Nearly three hundred years ago, the early scientistic stirrings of liberal modernity introduced the notion that life is like a clock: measurable, mechanical, and amenable to rationalist manipulation. This modernist notion sought to supplant the traditional one, which for millennia held that life is organic, cyclical, and subject to forces eluding mathematical or quantifiable expression. In this earlier view, human life was understood in terms of other life forms, being thus an endless succession of seasons, as birth, growth, decay, and death followed one another in an order conditioned by nature. That history is cyclical, that civilizations rise and fall, that the present system will be no exception to this rule—these notions too are of ancient lineage and, though recognized by none in power, their pertinence seems to grow with each new regression of the European biosphere. With Corvus’ Convergence des catastrophes, they assume again something of their former authority.
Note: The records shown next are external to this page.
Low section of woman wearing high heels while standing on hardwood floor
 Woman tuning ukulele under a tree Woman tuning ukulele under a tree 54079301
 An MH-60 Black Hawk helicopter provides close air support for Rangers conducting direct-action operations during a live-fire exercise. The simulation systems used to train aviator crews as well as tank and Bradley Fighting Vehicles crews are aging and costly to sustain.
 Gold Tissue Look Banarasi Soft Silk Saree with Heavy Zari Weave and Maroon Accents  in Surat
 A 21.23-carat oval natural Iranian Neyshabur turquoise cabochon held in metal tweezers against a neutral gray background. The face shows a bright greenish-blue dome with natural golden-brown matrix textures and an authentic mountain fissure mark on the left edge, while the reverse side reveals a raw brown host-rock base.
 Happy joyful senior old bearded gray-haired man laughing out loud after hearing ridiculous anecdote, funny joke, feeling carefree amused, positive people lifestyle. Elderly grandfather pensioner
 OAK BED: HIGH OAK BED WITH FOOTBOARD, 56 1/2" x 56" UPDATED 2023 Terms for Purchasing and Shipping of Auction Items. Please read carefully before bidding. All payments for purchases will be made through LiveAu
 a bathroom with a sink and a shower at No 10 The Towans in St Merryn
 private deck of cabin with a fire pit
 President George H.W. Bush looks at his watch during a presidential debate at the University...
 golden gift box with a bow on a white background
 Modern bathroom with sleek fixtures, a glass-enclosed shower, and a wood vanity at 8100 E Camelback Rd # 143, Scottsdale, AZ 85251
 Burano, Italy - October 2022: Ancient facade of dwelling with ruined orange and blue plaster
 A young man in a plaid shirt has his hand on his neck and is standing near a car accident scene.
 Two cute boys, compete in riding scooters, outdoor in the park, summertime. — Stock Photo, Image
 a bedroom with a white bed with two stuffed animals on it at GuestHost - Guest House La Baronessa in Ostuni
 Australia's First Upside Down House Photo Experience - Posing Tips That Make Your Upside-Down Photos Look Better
“For the first time in its history,” Corvus writes, “humanity is threatened by a convergence of catastrophes.” This is his way of saying that the 18th-century myth of progress—in dismissing every tradition and value distinct to Europe—is about to be overtaken by more primordial truths, as it becomes irrefutable evident that continued economic development creates ecological havoc; that a world system premised on short-term speculation and financial manipulation is a recipe for disaster; that beliefs in equality, individualism, and universalism are fit only for a social jungle; that multiculturalism and Third World immigration vitiate rather than re-vitalize the European homelands; that the extension of so-called republican and democratic principles suppress rather than supplant the popular will, etc. In a word, Corvus argues that the West, led by the United States, is preparing its own irreversible demise.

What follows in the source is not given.